## What you should do
Copy verbatim the block of lines in the entries below whose first line contains "Škoda Octavia RS" and whose last line contains "Geschenkbox mit deckel". Leave out all other lines.

START Information given

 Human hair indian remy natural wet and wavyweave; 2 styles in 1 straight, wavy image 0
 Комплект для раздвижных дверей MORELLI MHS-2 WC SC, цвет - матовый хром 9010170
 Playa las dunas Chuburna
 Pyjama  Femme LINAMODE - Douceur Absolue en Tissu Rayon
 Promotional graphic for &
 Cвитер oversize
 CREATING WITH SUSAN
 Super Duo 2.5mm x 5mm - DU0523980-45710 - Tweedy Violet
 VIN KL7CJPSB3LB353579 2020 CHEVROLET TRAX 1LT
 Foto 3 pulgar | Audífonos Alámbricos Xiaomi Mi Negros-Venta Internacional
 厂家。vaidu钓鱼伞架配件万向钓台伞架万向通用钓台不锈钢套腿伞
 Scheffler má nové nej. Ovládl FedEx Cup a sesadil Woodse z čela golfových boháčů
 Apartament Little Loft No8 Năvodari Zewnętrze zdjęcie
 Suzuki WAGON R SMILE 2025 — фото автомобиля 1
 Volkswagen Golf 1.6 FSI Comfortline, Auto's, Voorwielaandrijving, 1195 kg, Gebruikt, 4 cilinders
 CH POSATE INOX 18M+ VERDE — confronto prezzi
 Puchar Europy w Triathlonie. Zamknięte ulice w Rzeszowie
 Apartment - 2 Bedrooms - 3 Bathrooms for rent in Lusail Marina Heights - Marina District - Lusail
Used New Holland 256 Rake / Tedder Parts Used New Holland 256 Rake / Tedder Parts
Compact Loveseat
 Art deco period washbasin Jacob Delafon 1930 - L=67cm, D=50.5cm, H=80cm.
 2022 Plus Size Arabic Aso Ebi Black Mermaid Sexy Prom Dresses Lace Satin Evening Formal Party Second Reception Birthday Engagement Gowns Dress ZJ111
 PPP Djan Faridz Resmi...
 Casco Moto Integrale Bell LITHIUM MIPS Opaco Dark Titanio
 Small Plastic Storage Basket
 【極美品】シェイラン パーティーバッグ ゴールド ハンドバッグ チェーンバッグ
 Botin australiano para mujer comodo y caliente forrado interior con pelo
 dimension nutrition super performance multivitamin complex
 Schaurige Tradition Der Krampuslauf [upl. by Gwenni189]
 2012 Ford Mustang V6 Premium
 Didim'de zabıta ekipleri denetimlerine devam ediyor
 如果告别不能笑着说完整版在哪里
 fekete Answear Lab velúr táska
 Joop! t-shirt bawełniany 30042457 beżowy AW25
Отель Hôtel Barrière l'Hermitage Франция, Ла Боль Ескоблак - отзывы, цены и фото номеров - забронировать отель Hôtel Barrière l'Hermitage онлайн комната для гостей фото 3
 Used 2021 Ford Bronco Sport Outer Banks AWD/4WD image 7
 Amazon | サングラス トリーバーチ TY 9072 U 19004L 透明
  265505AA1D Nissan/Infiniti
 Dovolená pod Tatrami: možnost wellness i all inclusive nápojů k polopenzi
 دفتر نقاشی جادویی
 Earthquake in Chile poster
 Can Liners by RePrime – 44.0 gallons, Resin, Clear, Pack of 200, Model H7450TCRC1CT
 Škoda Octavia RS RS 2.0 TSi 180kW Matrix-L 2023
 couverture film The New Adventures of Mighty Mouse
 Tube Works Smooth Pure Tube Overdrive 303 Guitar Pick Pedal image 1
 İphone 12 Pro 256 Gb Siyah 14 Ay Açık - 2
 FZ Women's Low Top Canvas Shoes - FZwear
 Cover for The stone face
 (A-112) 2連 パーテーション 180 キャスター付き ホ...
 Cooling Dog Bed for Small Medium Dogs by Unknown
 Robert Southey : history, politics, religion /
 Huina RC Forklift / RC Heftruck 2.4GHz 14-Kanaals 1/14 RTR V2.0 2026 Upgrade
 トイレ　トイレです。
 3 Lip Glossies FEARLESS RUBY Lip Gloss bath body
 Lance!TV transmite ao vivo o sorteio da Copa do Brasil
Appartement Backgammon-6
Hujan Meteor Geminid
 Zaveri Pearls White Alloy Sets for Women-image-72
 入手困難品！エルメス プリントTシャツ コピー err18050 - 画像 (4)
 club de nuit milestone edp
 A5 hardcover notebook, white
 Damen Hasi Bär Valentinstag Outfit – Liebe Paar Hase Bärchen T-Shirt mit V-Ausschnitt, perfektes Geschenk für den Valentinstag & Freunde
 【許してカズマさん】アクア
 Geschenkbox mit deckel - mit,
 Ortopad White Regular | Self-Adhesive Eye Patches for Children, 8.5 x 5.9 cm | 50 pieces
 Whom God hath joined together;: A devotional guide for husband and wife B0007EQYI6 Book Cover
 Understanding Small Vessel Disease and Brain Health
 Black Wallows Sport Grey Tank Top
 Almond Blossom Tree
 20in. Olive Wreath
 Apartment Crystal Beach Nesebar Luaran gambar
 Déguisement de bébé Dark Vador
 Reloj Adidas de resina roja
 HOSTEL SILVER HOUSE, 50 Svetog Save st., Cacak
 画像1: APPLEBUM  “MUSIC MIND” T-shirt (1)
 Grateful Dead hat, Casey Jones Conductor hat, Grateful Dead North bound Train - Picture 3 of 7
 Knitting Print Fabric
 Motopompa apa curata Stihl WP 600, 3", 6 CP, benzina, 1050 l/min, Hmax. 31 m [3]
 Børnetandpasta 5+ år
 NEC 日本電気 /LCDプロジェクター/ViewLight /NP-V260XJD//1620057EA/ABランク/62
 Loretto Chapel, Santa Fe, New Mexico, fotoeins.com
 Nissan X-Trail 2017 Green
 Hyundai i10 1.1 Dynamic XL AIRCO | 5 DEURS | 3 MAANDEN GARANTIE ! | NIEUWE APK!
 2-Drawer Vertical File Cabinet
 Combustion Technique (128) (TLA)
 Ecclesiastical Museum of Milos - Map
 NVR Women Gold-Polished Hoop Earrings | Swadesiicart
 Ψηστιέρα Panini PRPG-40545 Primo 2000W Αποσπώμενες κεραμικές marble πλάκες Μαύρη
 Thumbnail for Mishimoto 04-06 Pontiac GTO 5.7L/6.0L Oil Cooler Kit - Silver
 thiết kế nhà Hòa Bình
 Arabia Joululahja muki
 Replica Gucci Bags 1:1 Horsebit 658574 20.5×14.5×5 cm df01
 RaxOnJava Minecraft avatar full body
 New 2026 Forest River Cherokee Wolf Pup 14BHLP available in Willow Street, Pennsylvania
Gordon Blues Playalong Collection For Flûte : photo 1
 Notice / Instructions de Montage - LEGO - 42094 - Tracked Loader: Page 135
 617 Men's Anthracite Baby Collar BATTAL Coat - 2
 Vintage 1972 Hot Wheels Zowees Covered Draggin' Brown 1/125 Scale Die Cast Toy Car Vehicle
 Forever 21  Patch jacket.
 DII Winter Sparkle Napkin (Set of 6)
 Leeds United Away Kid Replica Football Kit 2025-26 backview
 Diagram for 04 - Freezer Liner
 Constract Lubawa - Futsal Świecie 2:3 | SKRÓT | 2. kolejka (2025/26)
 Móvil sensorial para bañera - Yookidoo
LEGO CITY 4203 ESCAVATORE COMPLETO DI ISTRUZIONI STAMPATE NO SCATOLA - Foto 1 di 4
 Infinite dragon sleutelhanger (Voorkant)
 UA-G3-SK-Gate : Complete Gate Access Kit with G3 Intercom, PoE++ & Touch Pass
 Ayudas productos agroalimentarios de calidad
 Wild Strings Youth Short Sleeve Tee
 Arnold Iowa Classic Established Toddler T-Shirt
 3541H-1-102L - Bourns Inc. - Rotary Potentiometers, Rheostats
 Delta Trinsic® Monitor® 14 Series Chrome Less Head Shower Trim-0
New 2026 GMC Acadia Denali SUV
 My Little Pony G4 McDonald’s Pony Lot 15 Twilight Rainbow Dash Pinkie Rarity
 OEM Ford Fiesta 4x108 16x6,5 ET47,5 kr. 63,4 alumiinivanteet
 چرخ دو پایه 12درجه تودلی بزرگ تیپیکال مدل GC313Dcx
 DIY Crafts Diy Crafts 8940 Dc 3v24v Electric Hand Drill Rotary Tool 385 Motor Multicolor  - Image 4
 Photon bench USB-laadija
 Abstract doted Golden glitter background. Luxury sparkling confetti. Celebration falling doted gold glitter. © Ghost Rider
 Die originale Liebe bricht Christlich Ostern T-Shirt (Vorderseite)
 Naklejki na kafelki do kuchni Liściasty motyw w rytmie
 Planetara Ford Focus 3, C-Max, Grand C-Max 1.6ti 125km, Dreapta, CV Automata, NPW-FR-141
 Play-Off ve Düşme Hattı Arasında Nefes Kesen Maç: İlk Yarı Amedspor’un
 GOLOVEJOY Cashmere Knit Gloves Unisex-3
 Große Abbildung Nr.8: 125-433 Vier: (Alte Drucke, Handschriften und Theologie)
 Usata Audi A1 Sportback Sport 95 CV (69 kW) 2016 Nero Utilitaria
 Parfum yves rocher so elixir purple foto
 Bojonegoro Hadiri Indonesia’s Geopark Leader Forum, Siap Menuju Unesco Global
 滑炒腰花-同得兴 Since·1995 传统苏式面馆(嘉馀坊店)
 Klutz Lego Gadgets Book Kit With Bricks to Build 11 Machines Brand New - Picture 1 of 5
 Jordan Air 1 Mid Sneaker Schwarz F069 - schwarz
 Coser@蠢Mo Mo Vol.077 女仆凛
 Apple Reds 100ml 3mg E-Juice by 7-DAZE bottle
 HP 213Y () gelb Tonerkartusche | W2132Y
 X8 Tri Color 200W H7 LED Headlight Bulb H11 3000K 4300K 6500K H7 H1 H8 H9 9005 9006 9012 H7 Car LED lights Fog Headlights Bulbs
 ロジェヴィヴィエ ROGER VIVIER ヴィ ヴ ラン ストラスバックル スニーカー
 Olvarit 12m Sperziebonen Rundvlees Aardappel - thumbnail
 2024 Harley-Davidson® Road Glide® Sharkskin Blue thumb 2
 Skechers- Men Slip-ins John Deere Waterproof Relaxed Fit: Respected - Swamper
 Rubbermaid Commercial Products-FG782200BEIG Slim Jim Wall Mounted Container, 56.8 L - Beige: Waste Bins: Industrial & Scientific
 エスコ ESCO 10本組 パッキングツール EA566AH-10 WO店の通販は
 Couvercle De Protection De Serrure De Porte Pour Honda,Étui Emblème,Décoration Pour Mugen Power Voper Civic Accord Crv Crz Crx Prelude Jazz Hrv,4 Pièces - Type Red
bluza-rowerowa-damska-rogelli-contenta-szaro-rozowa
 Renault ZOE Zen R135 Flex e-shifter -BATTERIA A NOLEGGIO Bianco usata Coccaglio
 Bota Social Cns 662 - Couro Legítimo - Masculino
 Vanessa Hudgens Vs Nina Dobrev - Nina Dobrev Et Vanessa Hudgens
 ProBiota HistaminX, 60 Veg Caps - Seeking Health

END Information given

## Written response
 Škoda Octavia RS RS 2.0 TSi 180kW Matrix-L 2023
 couverture film The New Adventures of Mighty Mouse
 Tube Works Smooth Pure Tube Overdrive 303 Guitar Pick Pedal image 1
 İphone 12 Pro 256 Gb Siyah 14 Ay Açık - 2
 FZ Women's Low Top Canvas Shoes - FZwear
 Cover for The stone face
 (A-112) 2連 パーテーション 180 キャスター付き ホ...
 Cooling Dog Bed for Small Medium Dogs by Unknown
 Robert Southey : history, politics, religion /
 Huina RC Forklift / RC Heftruck 2.4GHz 14-Kanaals 1/14 RTR V2.0 2026 Upgrade
 トイレ　トイレです。
 3 Lip Glossies FEARLESS RUBY Lip Gloss bath body
 Lance!TV transmite ao vivo o sorteio da Copa do Brasil
Appartement Backgammon-6
Hujan Meteor Geminid
 Zaveri Pearls White Alloy Sets for Women-image-72
 入手困難品！エルメス プリントTシャツ コピー err18050 - 画像 (4)
 club de nuit milestone edp
 A5 hardcover notebook, white
 Damen Hasi Bär Valentinstag Outfit – Liebe Paar Hase Bärchen T-Shirt mit V-Ausschnitt, perfektes Geschenk für den Valentinstag & Freunde
 【許してカズマさん】アクア
 Geschenkbox mit deckel - mit,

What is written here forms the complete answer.